How to generate the best AI use cases—and make them a reality for your agency
To avoid being left on the sidelines by fast-developing AI, organizations should lean in but be cautious. Moving forward with the right use case and structure is key to implementing successful AI technology.
If you’re not sure how to get started with generative AI, don’t worry—you’re not alone. As more agencies consider how to incorporate this new technology, many are experiencing significant challenges deciding where to apply it.
And finding projects that are a good fit is an important step, as generative AI use requires executive leadership commitment and alignment and, without that, those moving forward with “shadow AI” can be dangerous to an organization, resulting in leakage of data or sensitive information, data privacy issues, and models without sufficient regulation. Secure, responsible use requires a group effort.
Your first step should be to prioritize dedicating a team to canvas for use cases. Ideally, your team should look for opportunities in the following three categories:
1. User experience. Audit the customer or employee journey to reveal pain points.
2. Workflow. Review business processes for ways to reduce bottlenecks or eliminate repetitive tasks.

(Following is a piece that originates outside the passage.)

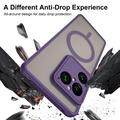 Sony Xperia 1 VIII UltraGuard Matte MagSafe Case - Dark Purple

3. Key operations. Evaluate options to streamline business functions like finance and human resources.
Once you’ve created a list of possible use cases, you’ll need to develop a framework to prioritize them, given that organizations are typically going to have hundreds of use cases to choose from.
As part of this step, you will need to ensure that the data is AI-ready. Historically, data has been a difficult aspect of the process since many organizations don’t have existing data that’s ready for AI and, unfortunately, AI is not going to fix that problem. Tackling AI projects beyond simple use cases without AI-ready data will inevitably result in a graveyard of projects due to data issues.

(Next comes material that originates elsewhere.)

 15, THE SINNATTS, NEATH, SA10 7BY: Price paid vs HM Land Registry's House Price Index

By finding, prioritizing, and narrowing your use case list based on AI-ready data, you will be in a strong position to take advantage of AI opportunities.
To overcome this hurdle, take an in-depth look at your data and conduct a feasibility study to make sure it’s ready for AI. Your use case may seem perfect but, if the data doesn’t support it, the models won’t work. By finding, prioritizing, and narrowing your use case list based on AI-ready data, you will be in a strong position to take advantage of AI opportunities.

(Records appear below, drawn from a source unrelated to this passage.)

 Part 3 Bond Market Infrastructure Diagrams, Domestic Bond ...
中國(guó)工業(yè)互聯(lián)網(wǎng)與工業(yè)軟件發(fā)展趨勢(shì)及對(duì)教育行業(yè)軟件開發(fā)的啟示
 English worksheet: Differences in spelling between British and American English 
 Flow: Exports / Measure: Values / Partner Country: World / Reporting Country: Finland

The last step in determining your ideal use case is to ensure that there are clear metrics to support it. AI technology is somewhat like peanut butter—it can be easily spread around everywhere but won’t necessarily provide a lot of value. Make your choice data driven.
Armed with a priority use case list, or what Gartner calls the “most likely wins,” the next step is to create a product roadmap and seek C-level executive alignment and commitment. Compared to other technologies, AI carries some inherent risk—in potential misuse and other ethical issues—and executive-level commitment, including collaboration among the legal and data privacy teams, the chief data officer (CDO), and the chief information officer (CIO) will be key.
Leveraging this technology, with tools that are already available and integrated, is still going to be demanding work and will require change management and ongoing communication as there will be resistance. Despite the challenges, putting AI technology—that is available today—in the hands of your employees or customers will deliver a wealth of benefits that makes it well worth the investment.